What the exercise asks: Transcribe the entries below word for word, beginning at the line with "Manfinity Men Slogan" and stopping after the line with "map of restaurants, bars, coffee"; drop all pictures.

Given records:
--*--

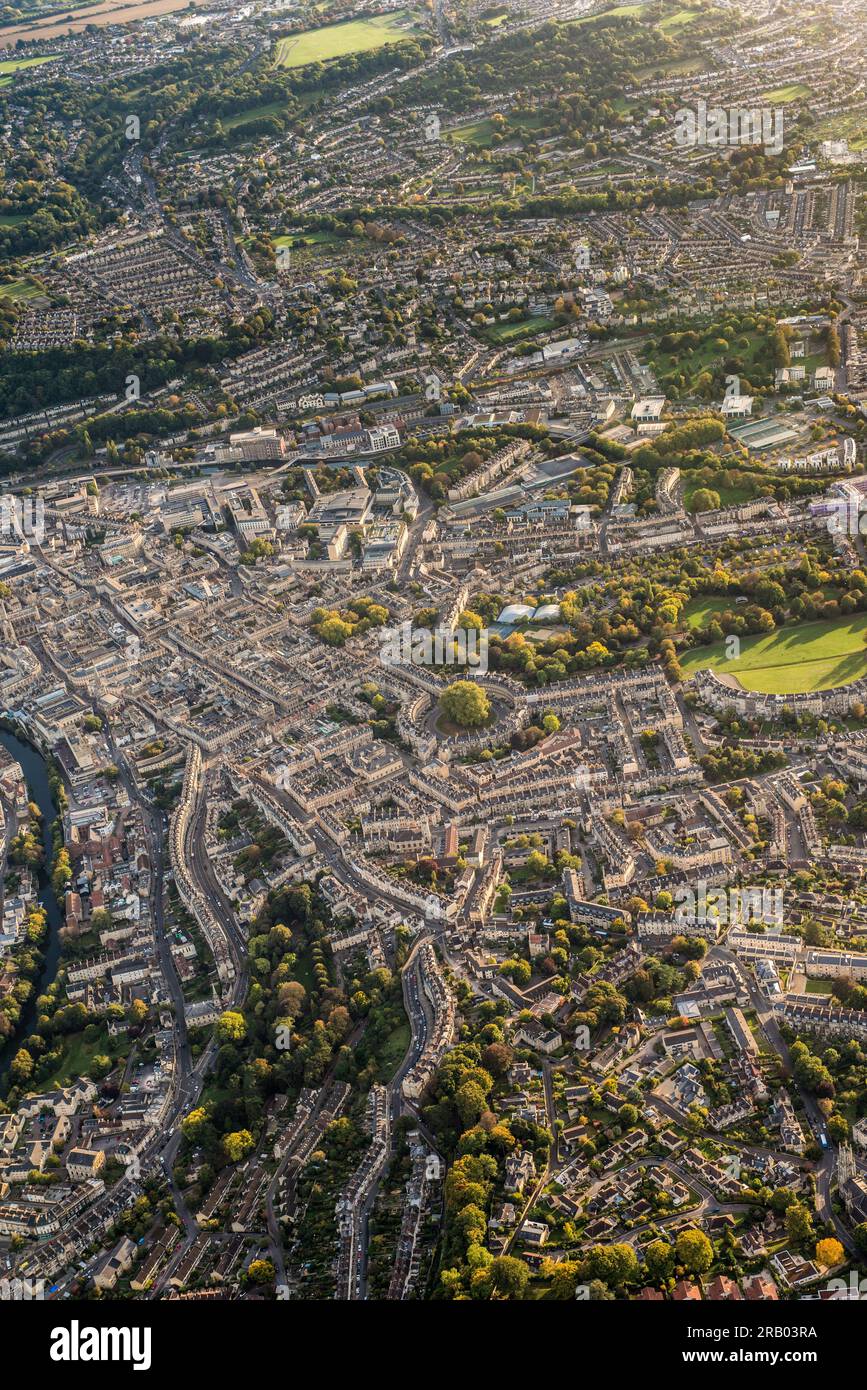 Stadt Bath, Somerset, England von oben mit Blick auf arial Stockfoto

--*--

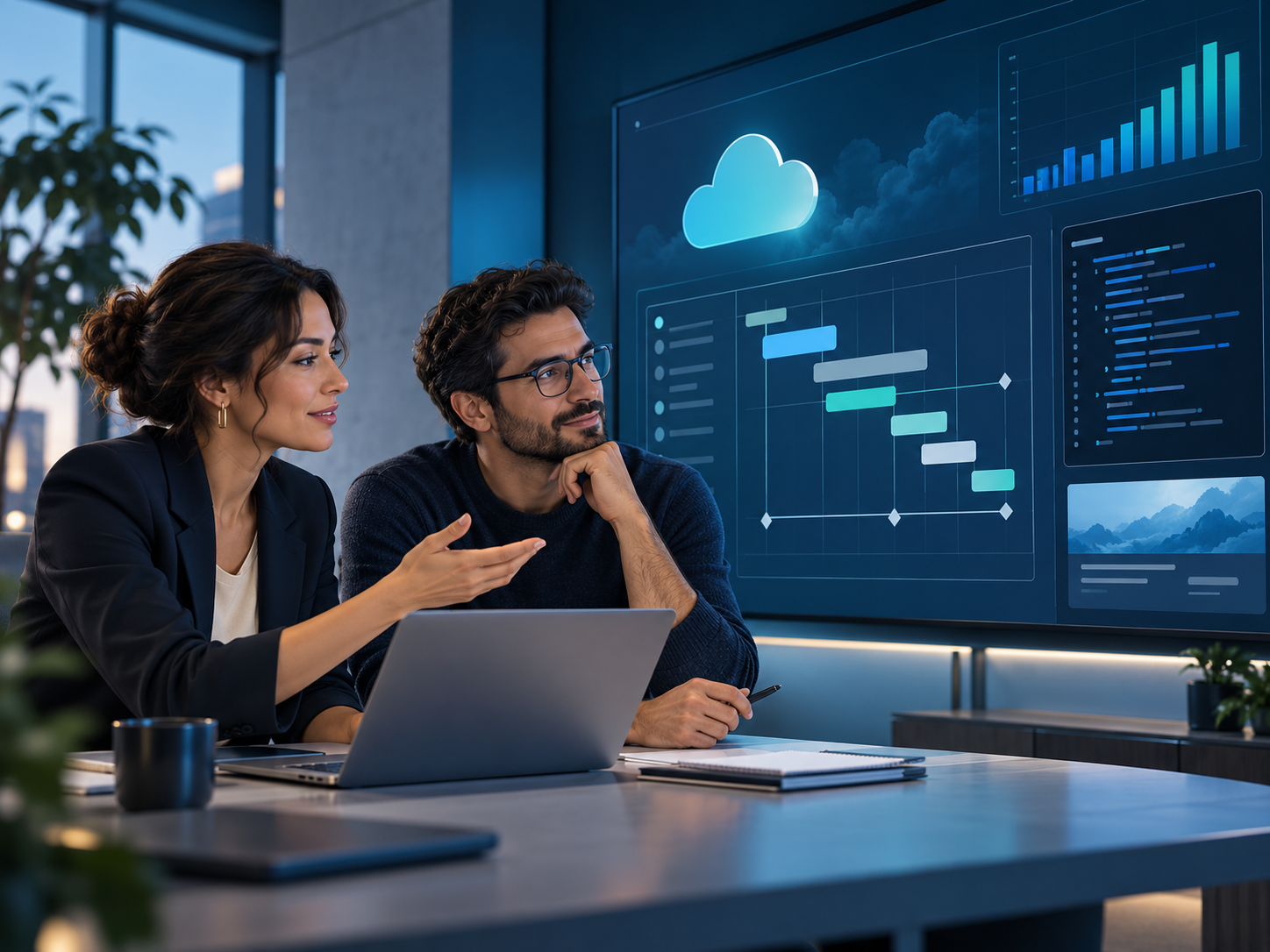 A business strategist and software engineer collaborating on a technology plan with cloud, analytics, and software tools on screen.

--*--

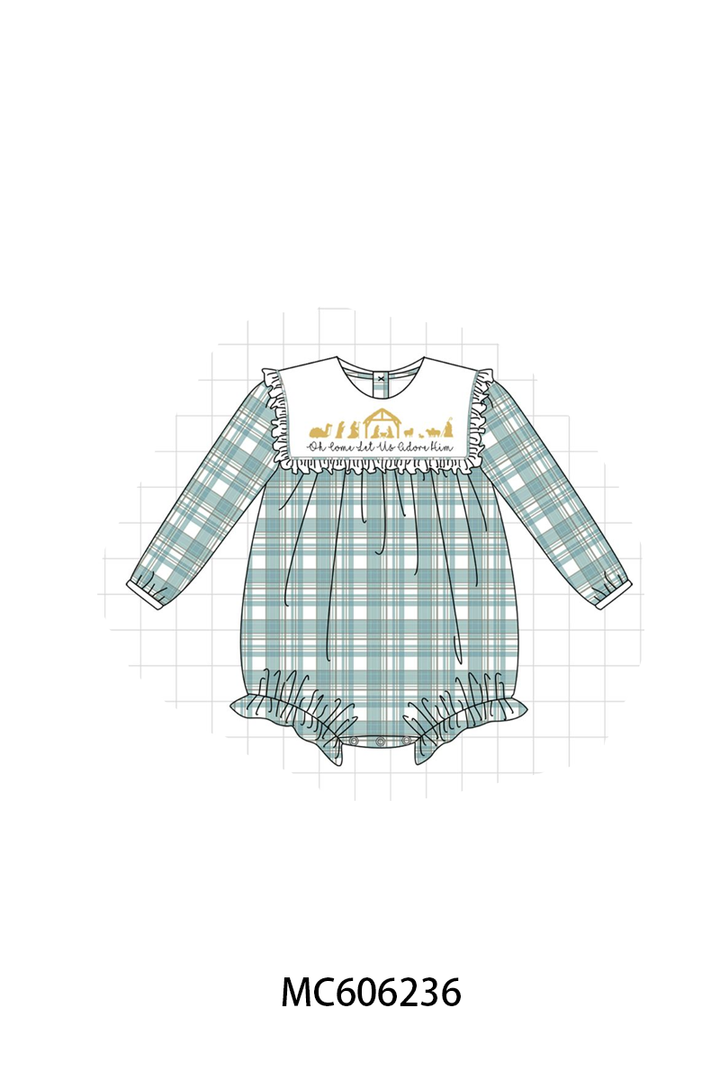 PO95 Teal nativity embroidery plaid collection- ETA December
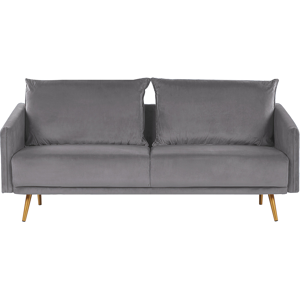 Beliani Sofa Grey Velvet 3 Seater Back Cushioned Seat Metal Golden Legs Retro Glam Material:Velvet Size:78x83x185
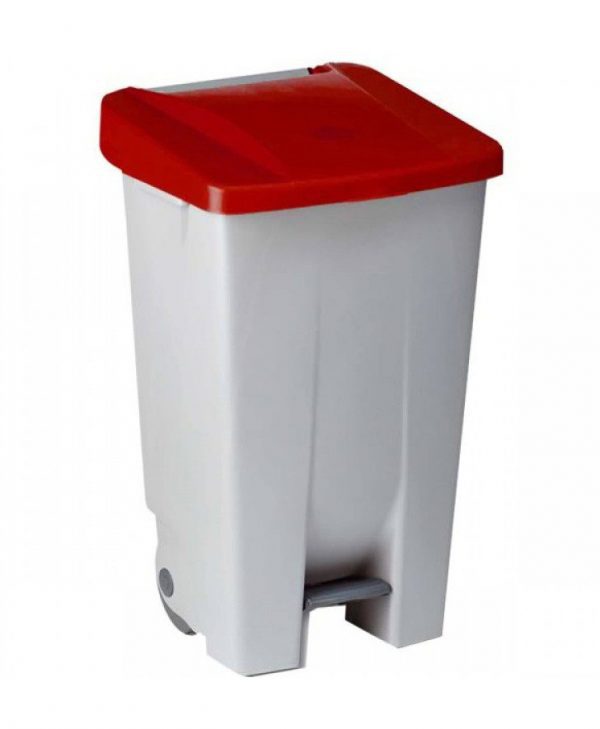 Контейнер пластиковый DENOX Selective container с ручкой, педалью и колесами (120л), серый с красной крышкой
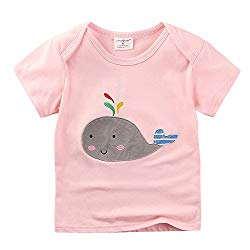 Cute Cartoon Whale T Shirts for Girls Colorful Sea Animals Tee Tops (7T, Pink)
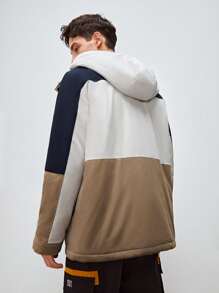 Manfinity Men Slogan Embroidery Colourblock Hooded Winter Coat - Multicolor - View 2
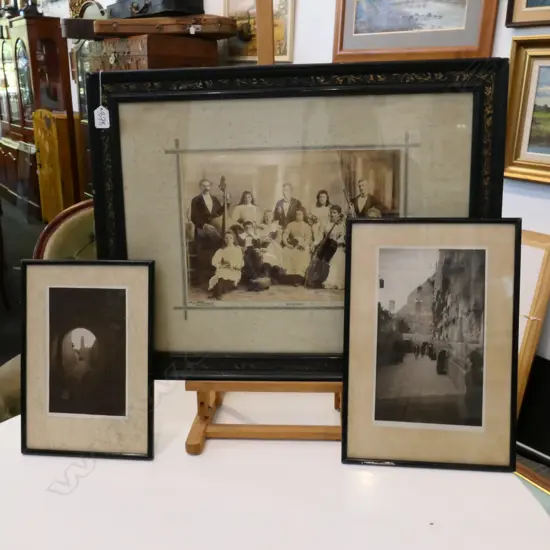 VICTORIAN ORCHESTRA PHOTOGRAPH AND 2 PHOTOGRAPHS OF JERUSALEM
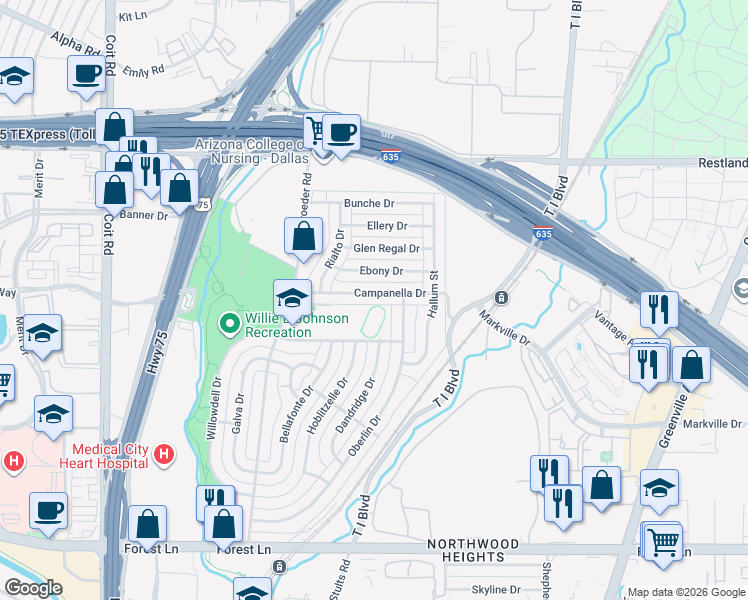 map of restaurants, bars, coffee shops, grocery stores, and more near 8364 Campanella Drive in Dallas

--*--

Written reply:
 Manfinity Men Slogan Embroidery Colourblock Hooded Winter Coat - Multicolor - View 2
 VICTORIAN ORCHESTRA PHOTOGRAPH AND 2 PHOTOGRAPHS OF JERUSALEM
 map of restaurants, bars, coffee shops, grocery stores, and more near 8364 Campanella Drive in Dallas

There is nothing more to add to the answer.